It has been eight years since Cisco DeVries invented Property Assessed Clean Energy (PACE) loans. They were meant to spur the mass adoption of residential solar, but have also proven to be an effective means of financing other energy and water saving devices. If PACE weren’t classified as a tax, it would have been offered through-out America years ago. Instead, five years ago Fannie Mae and Freddie Mac urged local governments to put their PACE programs on hold and the vast majority of PACE projects have been in California. That is about to change. Cisco DeVries explains how PACE is changing.
How PACE is Giving Preference To Mortgages
PACE is a tax lien on the property. To receive it, homeowners are required to have an assessment made on their property and repay a set portion of the loan every year until it is extinguished.
Being a tax lien, PACE is also senior to any mortgage or private debt there are a lot of places to learn more about mortgages and different options. This made the program very secure for the companies offering the financing. They are guaranteed repayment as long as people pay their taxes and if there is a default, the homes are subject to foreclosure.
“From our perspective, we don’t need any other protection. We don’t need states to play a role, creating PACE bonds or additional PACE financing, because we are already so well protected by the security of the tax receptive,” explained DeVries, CEO of Renew Financial.
He added, “That is why PACE is so powerful. It opens up a whole range of opportunities to owners and has relatively low cost.”
The FHA’s Concerns
However the Federal Housing Authority (FHA) was concerned was that in the case of default, PACE holders are paid out before mortgage holders.
“The reality is that there has never been a foreclosure on a house with a PACE loan. The risk has been mitigated by the excellent way the programs are run, by the success, and by the fact homeowners are getting real improvements to their property that save them money,” said De Vries.
Never-the-less, the possibility of a default exists and in 2010 America’s two National mortgage associations, Fannie Mae and Freddie Mac, issued a statement urging local governments to put their PACE programs on hold. This crippled the residential program’s development outside of California and slowed down adoption within the state.
The Fix In California
Last year, Governor Jerry Brown set up a $10 million fund to cover potential losses to mortgage holders (like Fannie Mae and Freddie Mac). Renewable Funding was involved in this process and sponsored bills AB 1883 and AB 2597, which paved the way.

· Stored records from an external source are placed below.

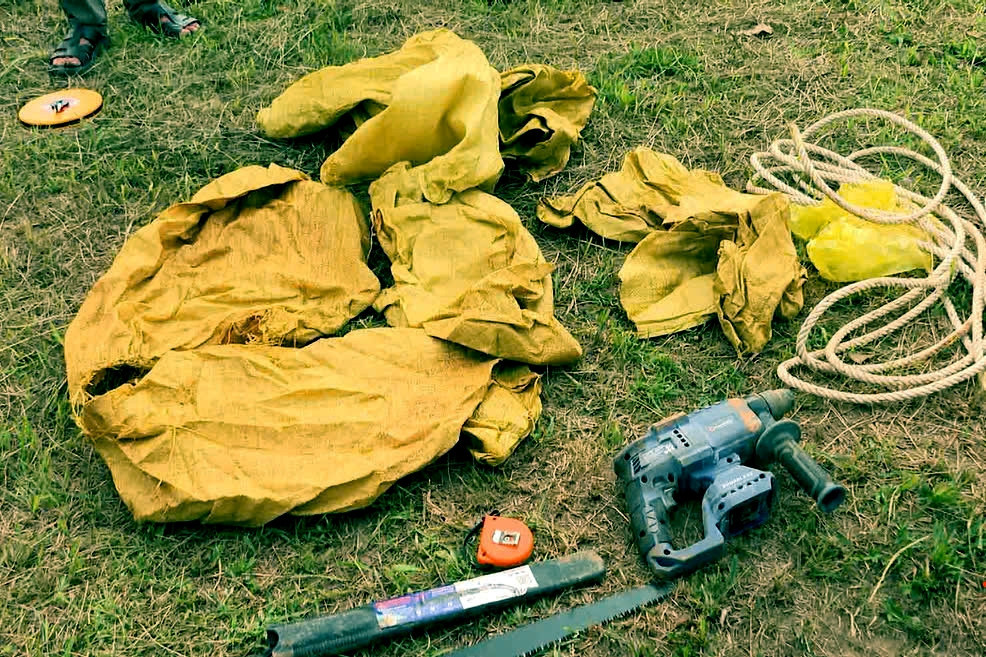 a3Hai đối tượng người Trung Quốc đã đào.jpg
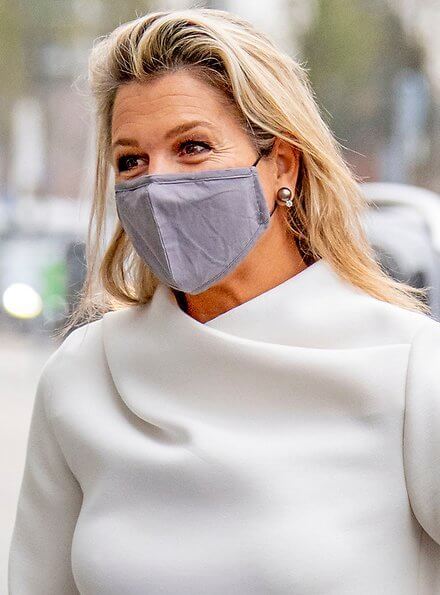 Queen Maxima wore a white silk top from Natan, and grey suede pumps from Gianvito Rossi, and the queen carried grey bag from Chanel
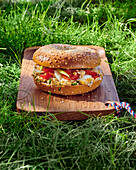 Sesame bagel with sardines and tomatoes on a wooden board in the grass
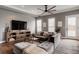 Cozy living room with plush seating, ceiling fan, and natural light from the windows at 6645 Cortland Walk, Alpharetta, GA 30005
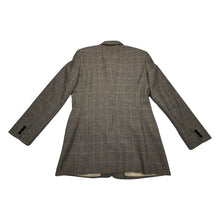 Load image into Gallery viewer, A unique throwback Liz Claiborne collection featuring a luxurious wool tweed suit adorned with houndstooth pattern. This suit comes with a blazer and pants set, with measurements of blazer chest at 30 inches, sleeve at 23 inches, and length at 29.5 inc...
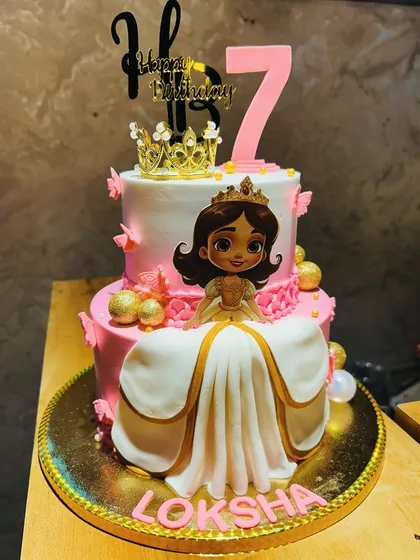 A full view of the two-tier princess cake for Loksha, showcasing the flowing fondant gown and elegant gold crown.
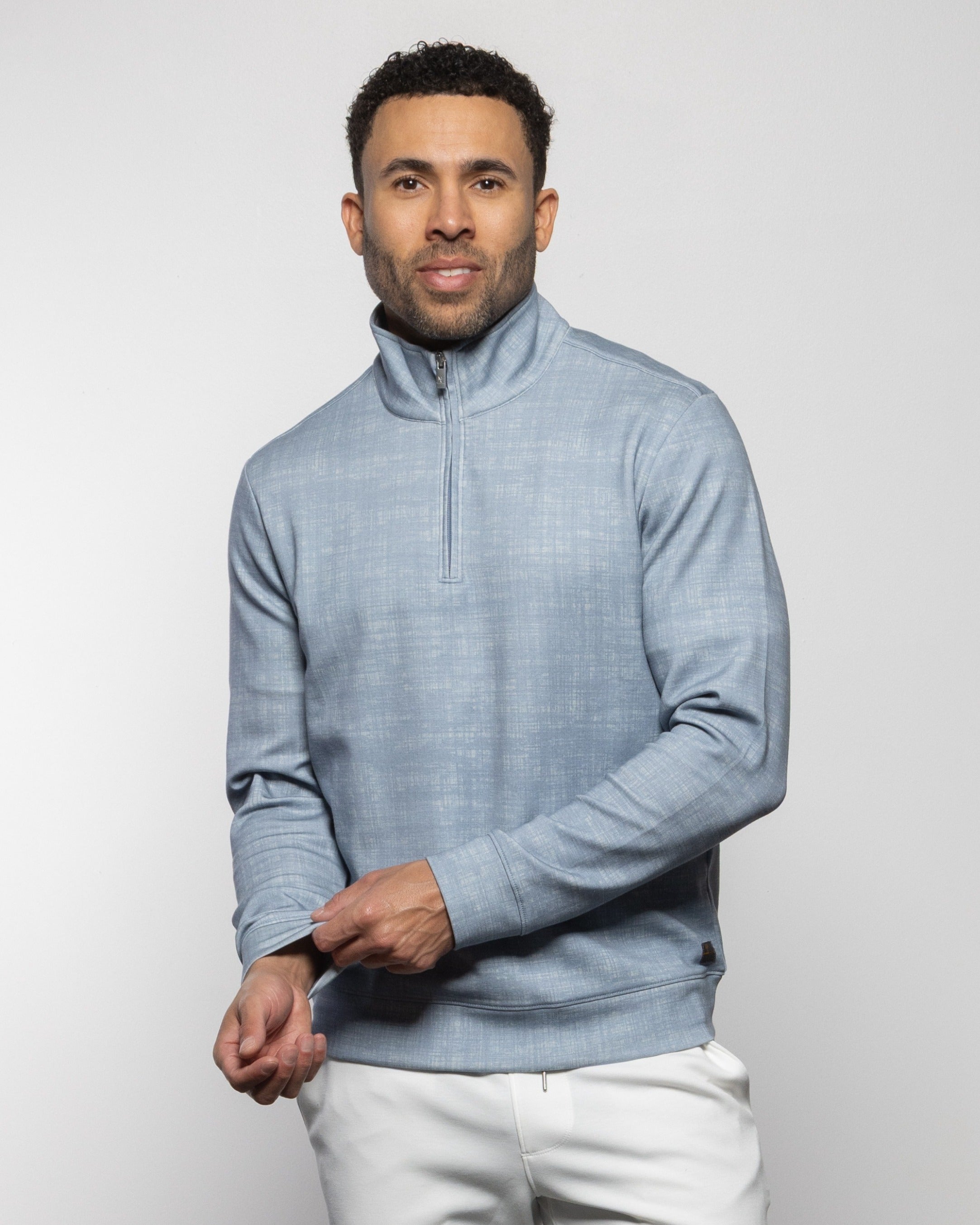 Men's light-blue quarter-zip sweater with stand collar and long sleeves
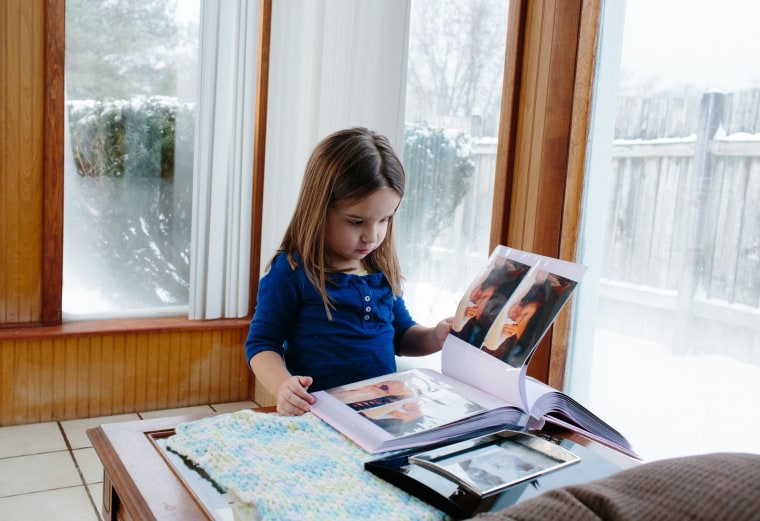Image: Isabella looks through a scrapbook with images of Sophia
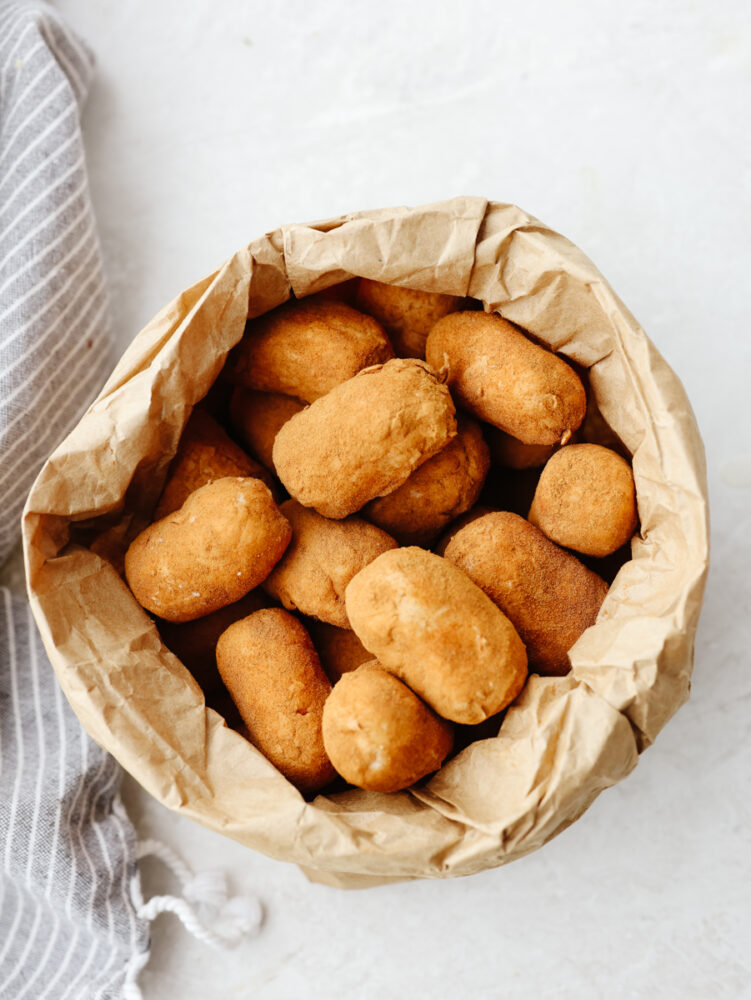 The top view of a brown paper bag filled with potato candy. 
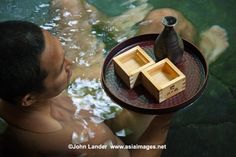 a man in the water holding a tray with two wooden boxes on top of it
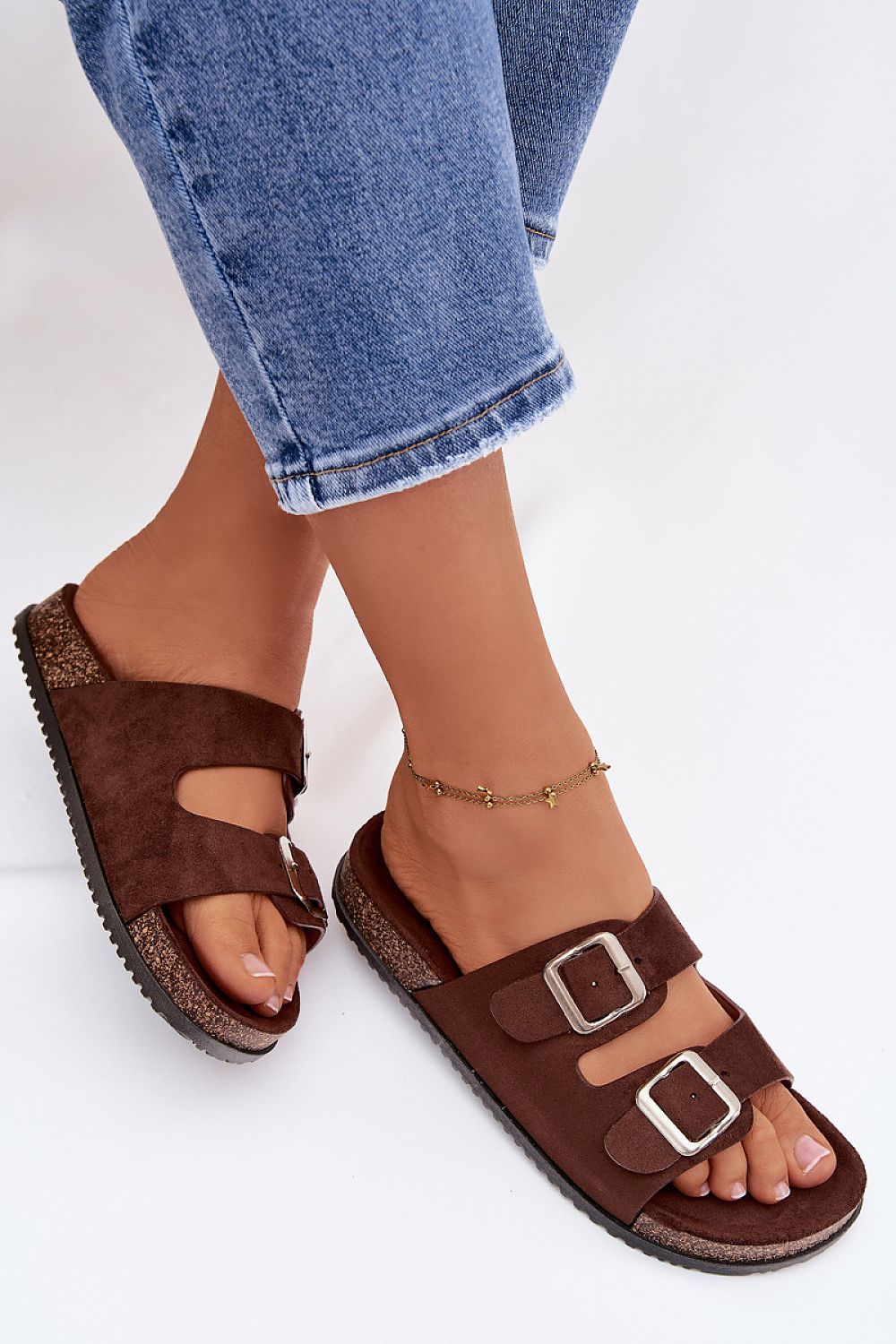 Brown sandals with buckles worn with blue jeans on a white background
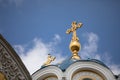 Golden domes with a cross of the Orthodox Church of Ukraine on a background of blue sky. Royalty Free Stock Photo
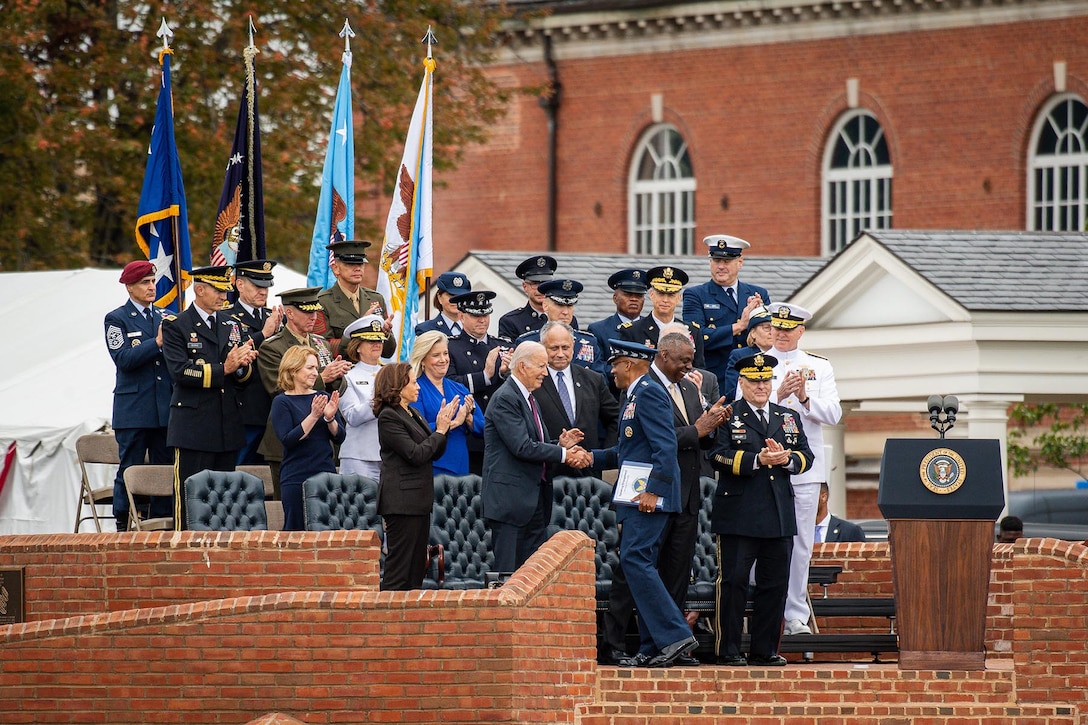 Service members and civilians in an outdoor seating area applaud.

“We owe a big debt of gratitude to the governor of California for stepping in and getting this approach working. It ensures that mortgage holders do not take a loss. I consider California’s actions to be 90% of the way towards resolution,” said DeVries.
The FHA Finds A Way To Go Forward
“Now the FHA is saying we believe we can allow PACE to go forward. We will allow PACE to be on the homes that we mortgage. We are fine with PACE, but we want to make a change. Instead of the mortgage holder being on the hook, we want PACE financiers like Renew Financial (which operates California First) and Renovate America (which operates Hero PACE) to be on the hook. So in the unlikely event of a foreclosure, mortgage holders get paid first and California’s reserve goes to PACE companies.”
Renovate America is already offering a program that fits these requirements and Renew Financial is ready to launch another as soon as the FHA adopts its new regulations.
Cisco DeVries hopes that states outside of California will adopt a program guaranteeing PACE financiers, so that more companies will be encouraged to step forward.
It is time for America’s PACE program to roll.